740.0011 European War 1939/31369: Telegram
The Chargé in the Soviet Union (Hamilton) to the Secretary of State
[Received October 1—11:20 a.m.]
1503. Personal for the Secretary. The British Ambassador asked to see me this afternoon and outlined to me a telegram which he is sending Eden commenting on the Soviet Government’s reply to the suggestions put forth by the British Government as to an agenda for the forthcoming three-power conference. The British Ambassador showed me the Soviet Government’s reply to the British Government which corresponds to statements contained in Soviet Government’s reply to the American Government,40 of which Molotov sent me a [Page 536] copy. The British Ambassador is stating to his Government that at first blush the Soviet Government’s emphasis on discussing the question of the second front might create an impression that the Soviet Government wishes to cause the plan for the conference to be abandoned but that he does not feel that this is an accurate interpretation of Soviet reply. He feels that the Soviet Government will insist on discussion of the second front issue; that the discussion will be preparatory to the meeting later of the Heads of Government; that the British Government should be prepared to discuss the issue at the forthcoming meeting of Foreign Ministers; and that the best way to do this will be for the British Government to augment the military representation on its delegation so that such representatives may set forth fully the factors which are in the judgment of their Government pertinent to the issue.

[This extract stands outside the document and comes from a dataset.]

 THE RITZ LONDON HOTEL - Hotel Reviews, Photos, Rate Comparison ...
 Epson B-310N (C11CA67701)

With regard to the Soviet Government’s request of the British Government that it put forth definite proposals for the implementation of suggested topics which the British Government has listed in its proposed agenda, the British Ambassador is recommending to his Government that it reply that in view of the shortness of time it may not be practicable to evolve precise proposals on all subjects but that the British Government will do the best it can. The British Ambassador stated that he had in mind recommending also that his Government suggest to the Soviet Government that it would be helpful if the Soviet Government would state what proposals it had in mind on the various subjects mentioned by the British Government. The British Ambassador is also suggesting that his Government might point out to the Soviet Government that the basic idea of the conference is to have a round-table discussion and interchange of views with the objective of working out common solutions to various problems in which all three of the Governments are concerned.

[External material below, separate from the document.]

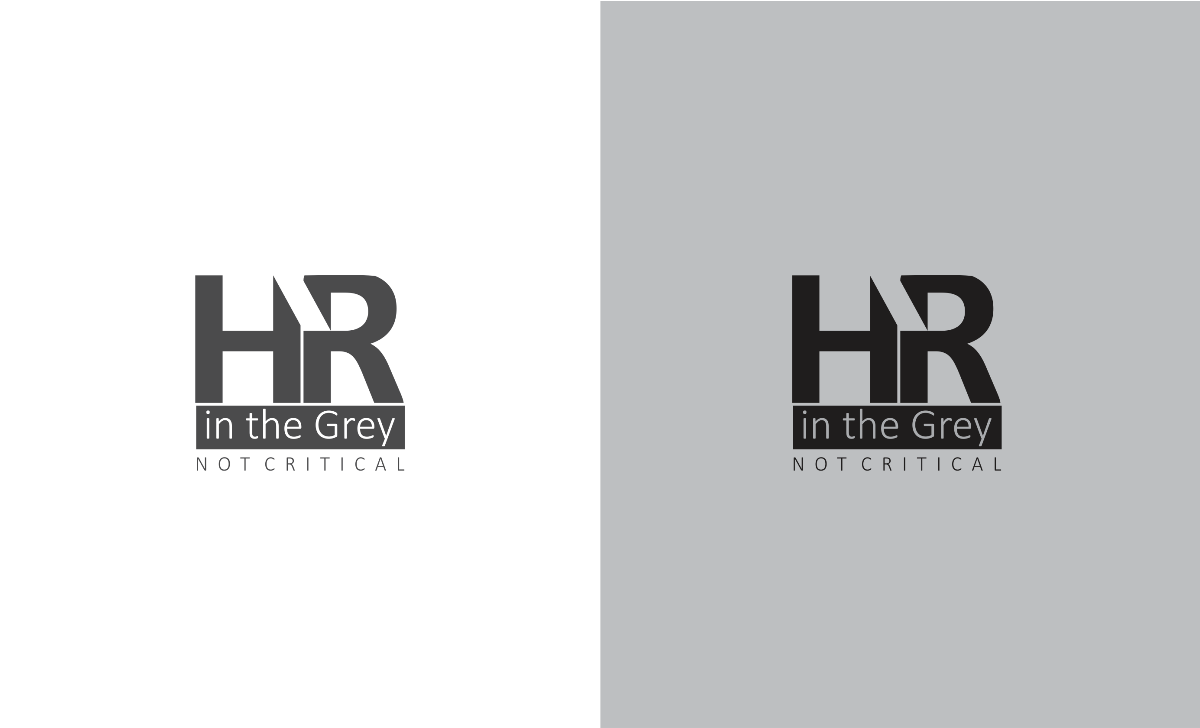 Design de Logo par YudhaDesign pour ce projet | Design #15993687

In reply to the British Ambassador’s inquiry, I said that my initial reaction was that the Soviet Government should be informed that the second front issue did not properly fall within the scope of the forthcoming conference but that on further consideration it seemed to me that the British Ambassador’s suggestions were sound. I added that obviously we did not wish to encourage any false hope in the mind of the Soviet Government in reference to any decisions which our Governments might take or might have taken but that the best way of attempting to convince the Soviet Government of the soundness of our position would be to have a full and frank discussion of the matter.